Anda por su piso, al que se mudó con su hija hace unos años tras el divorcio, arrastrando una mano por la pared, un acto casi más maníaco que necesario. Enseña con orgullo decenas de trofeos, dorsales y camisetas y no para hablar de sus carreras. “Ahora la que más me ilusiona es la maratón de Roma, en marzo de 2014”, un reto muy bonito para todo su club, esos pretorianos que utilizan la iconografía imperial romana en los eventos especiales -casco, camiseta con armadura incorporada, discursos en latín…-para motivarse y sentir aún más la épica. Y mientras lo cuenta se le ilumina la cara, evocando el día en que sus compañeros, mientras corren, le describirán el paisaje como hacen en cada carrera, y le dirán lo majestuoso que es el Coliseo, lo cerca que están del Foro o que la Fontana di Trevi es más bonita en las películas.

Su vivienda tiene un balcón con vistas al barrio y a Sevilla, una estampa que él dice sentir. Presume de decoración, de los cuadros con flores, de la luminosidad de la casa, de lo bonito que es el sofá. De repente hay un silencio. El periodista duda, no se atreve a preguntar y Emilio lo capta. “Sí, me encanta la decoración, es mi pasión”, se reafirma, a sabiendas de que el periodista se ha sorprendido porque un ciego hable así de decoración aunque no pueda ver. Pero claro, Emilio tiene ojos en el alma.

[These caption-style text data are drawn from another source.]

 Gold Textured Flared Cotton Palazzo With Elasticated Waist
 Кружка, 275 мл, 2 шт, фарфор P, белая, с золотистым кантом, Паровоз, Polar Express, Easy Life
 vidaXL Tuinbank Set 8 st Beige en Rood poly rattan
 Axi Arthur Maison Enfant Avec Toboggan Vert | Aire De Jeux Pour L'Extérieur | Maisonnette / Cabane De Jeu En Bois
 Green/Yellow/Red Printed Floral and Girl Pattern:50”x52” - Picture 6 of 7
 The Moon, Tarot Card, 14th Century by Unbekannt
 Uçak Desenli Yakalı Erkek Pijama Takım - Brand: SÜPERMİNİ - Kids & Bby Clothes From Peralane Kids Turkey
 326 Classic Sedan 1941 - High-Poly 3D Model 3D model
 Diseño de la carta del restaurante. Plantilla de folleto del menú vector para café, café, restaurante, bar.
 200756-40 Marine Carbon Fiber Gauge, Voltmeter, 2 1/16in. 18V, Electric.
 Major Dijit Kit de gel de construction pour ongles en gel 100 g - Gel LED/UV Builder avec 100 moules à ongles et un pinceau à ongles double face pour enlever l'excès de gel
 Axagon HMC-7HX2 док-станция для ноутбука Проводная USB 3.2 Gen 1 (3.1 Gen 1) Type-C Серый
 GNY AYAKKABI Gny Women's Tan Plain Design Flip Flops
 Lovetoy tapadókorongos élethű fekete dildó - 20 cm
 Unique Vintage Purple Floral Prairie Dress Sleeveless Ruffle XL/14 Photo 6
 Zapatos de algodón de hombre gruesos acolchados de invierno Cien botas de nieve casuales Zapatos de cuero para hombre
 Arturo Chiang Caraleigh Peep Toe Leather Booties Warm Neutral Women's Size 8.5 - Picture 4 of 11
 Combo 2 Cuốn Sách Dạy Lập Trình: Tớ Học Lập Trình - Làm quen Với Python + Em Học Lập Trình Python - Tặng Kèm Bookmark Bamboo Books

Bromea con el enorme tamaño de la TV del salón, ésa de la que sólo le interesa el audio. “Pero mi hija sí ve la tele”, aclara entre risas. Apenas concede un segundo a la melancolía, pero la insistencia le lleva a hablar de su mayor frustración. “El no haber visto la cara de mi niña. Nació cuando ya era ciego y no sé qué cara tiene”, explica entre pausas, con un nudo en la garganta, antes de volver a sonreír con dulzura y culminar la frase con satisfacción: “Pero dicen que se parece mucho a mí”.